Monday, October 17th, 2011

Today the annual TUC poverty conference is taking a close look at the myths and stereotypes swirling around the benefits system. Launching at the conference are two reports. One, from the TUC, looks at the factual inaccuracies and misleading statements that often comprise political rhetoric on the benefits system. Challenging Myths and Stereotypes takes some common thoughts – ‘People on disability benefits are swinging the lead’, or ‘Lots of unemployed people are scroungers’ for example – and looks at the evidence.

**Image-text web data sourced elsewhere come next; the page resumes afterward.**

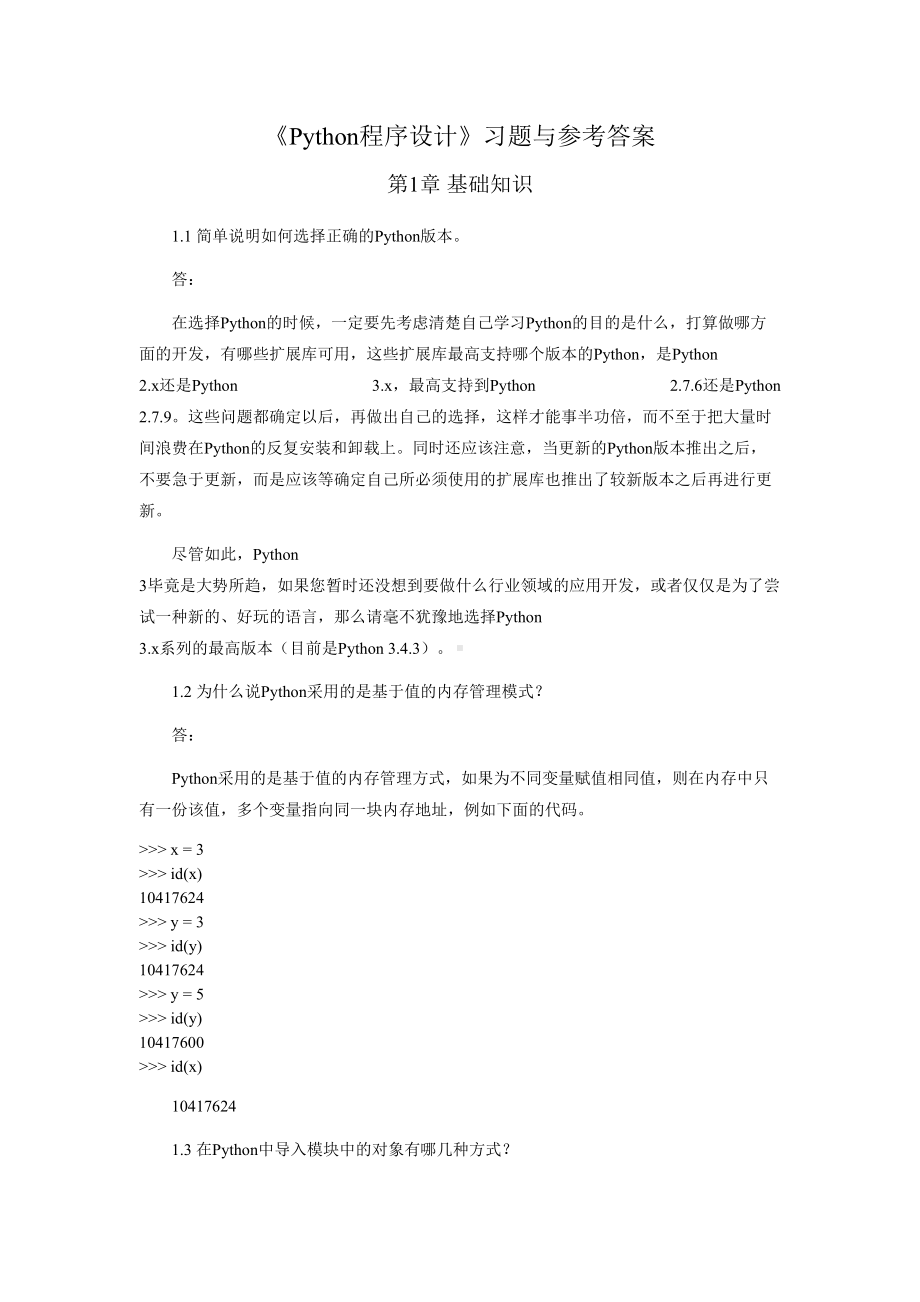 (完整word版)《Python程序设计方案》习题与答案.doc_第1页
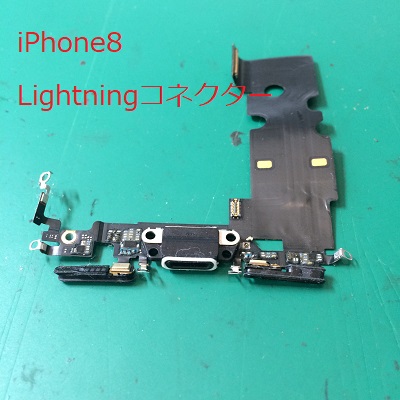 iPhone8ライトニングコネクター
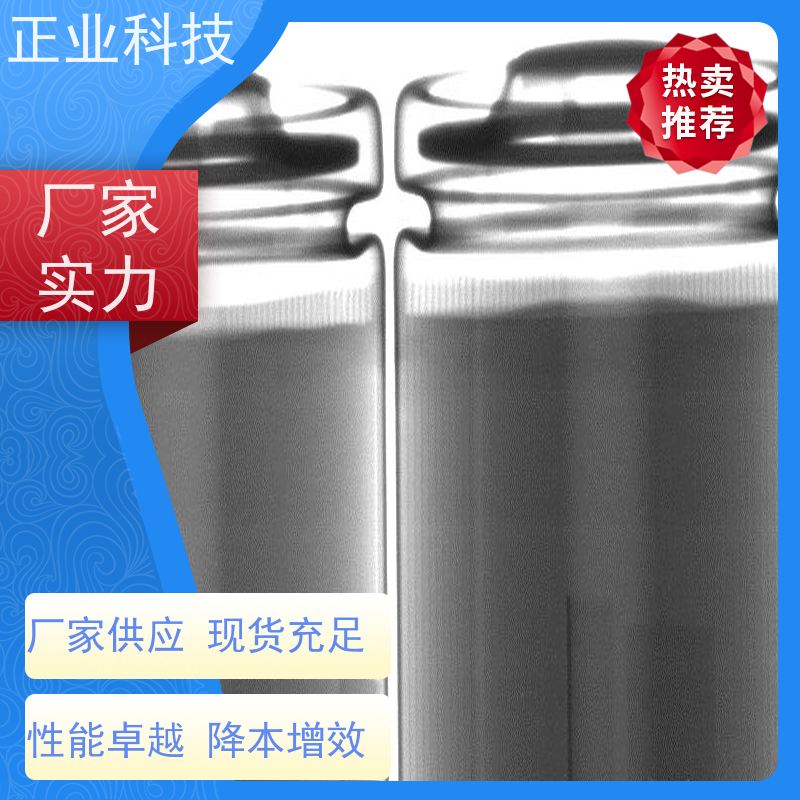 正业科技 圆柱型锂电池 在线检查机 全自动检测 实时监测 安全环保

The other, by Community Links, is a brief discussion paper examining evidence of the impact of stigmatising language on people claiming benefits. For example, what is the effect of the  Secretary of State for Work and Pensions describing people unemployed for a long time as:  ’a block of people in Britain who do not add anything to the greatness of this country?” And how does it square with his thought that, “Too often in some of these areas people have been out of work for a long time, they’ve lost confidence, they’ve lost courage, they’ve lost any sense of self-worth. What the Work Programme I hope will do will be to tackle that and start to bring them back to the workforce.”

We suggest that stigmatising language – which is certainly not confined to this government or to one political party, as the report shows – actually undermines government’s attempts to support people into work. Directly it worsens health and reduces confidence and self esteem which – as the Minister admits – are crucial to getting a job, and indirectly it affects the attitudes of employers and support agencies towards people receiving benefits.

There is some evidence to support this view, but our conclusion is that the impact of this language on people’s voting intentions is much better understood than its  impact on those it describes. We urge policy-makers within government to pay greater attention to the effect their words could have on the individuals they claim to be supporting.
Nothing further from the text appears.